Available data:

····················

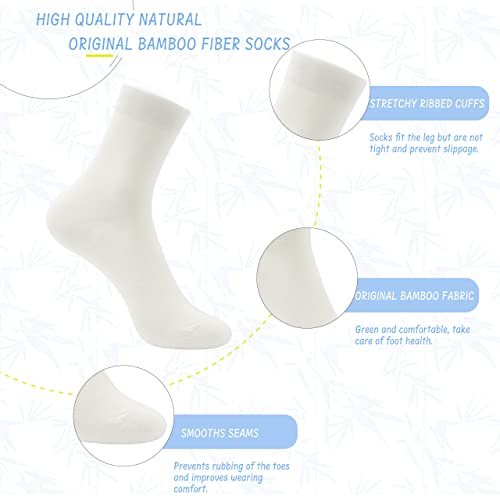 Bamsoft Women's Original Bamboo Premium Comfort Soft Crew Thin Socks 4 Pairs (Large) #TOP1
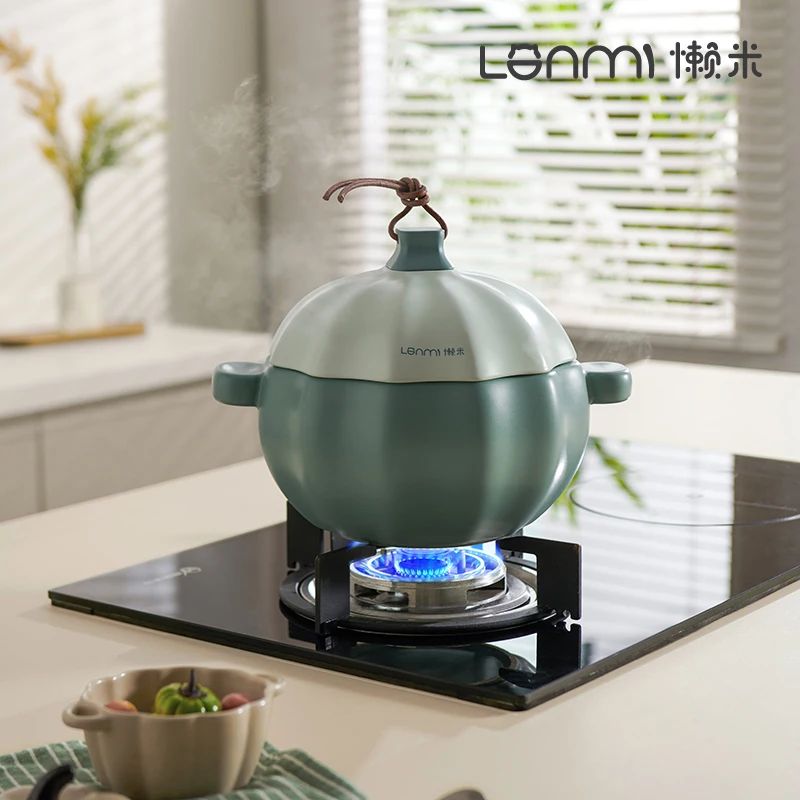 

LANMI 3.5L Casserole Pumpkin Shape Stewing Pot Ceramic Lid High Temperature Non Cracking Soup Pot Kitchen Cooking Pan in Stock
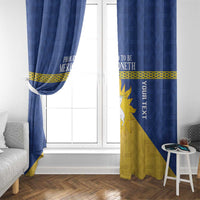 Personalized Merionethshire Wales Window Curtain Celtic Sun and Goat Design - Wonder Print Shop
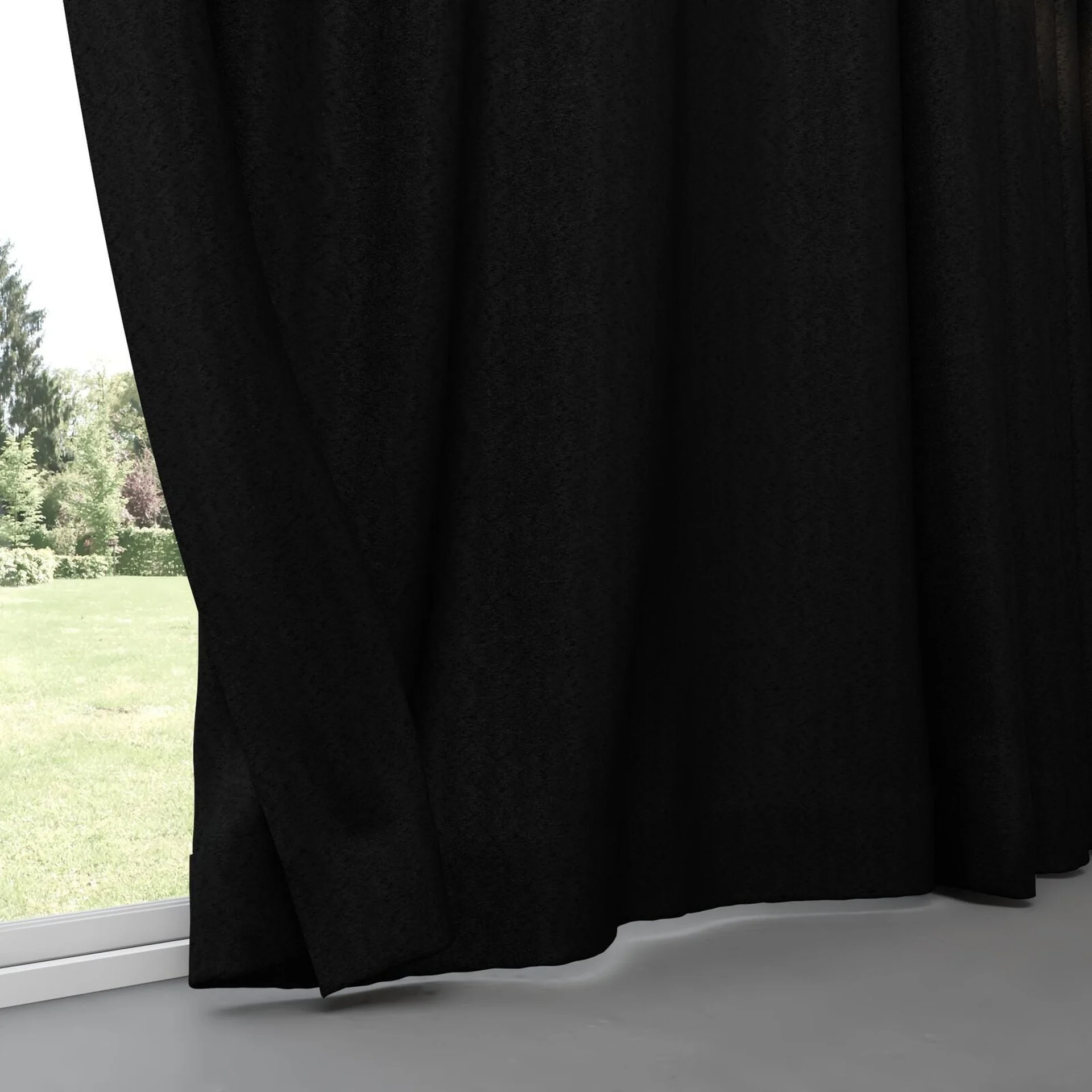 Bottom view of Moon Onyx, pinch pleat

····················

Would you output the data exactly, without any of its images?

Your solution:
 Bamsoft Women's Original Bamboo Premium Comfort Soft Crew Thin Socks 4 Pairs (Large) #TOP1

LANMI 3.5L Casserole Pumpkin Shape Stewing Pot Ceramic Lid High Temperature Non Cracking Soup Pot Kitchen Cooking Pan in Stock
 Personalized Merionethshire Wales Window Curtain Celtic Sun and Goat Design - Wonder Print Shop
 Bottom view of Moon Onyx, pinch pleat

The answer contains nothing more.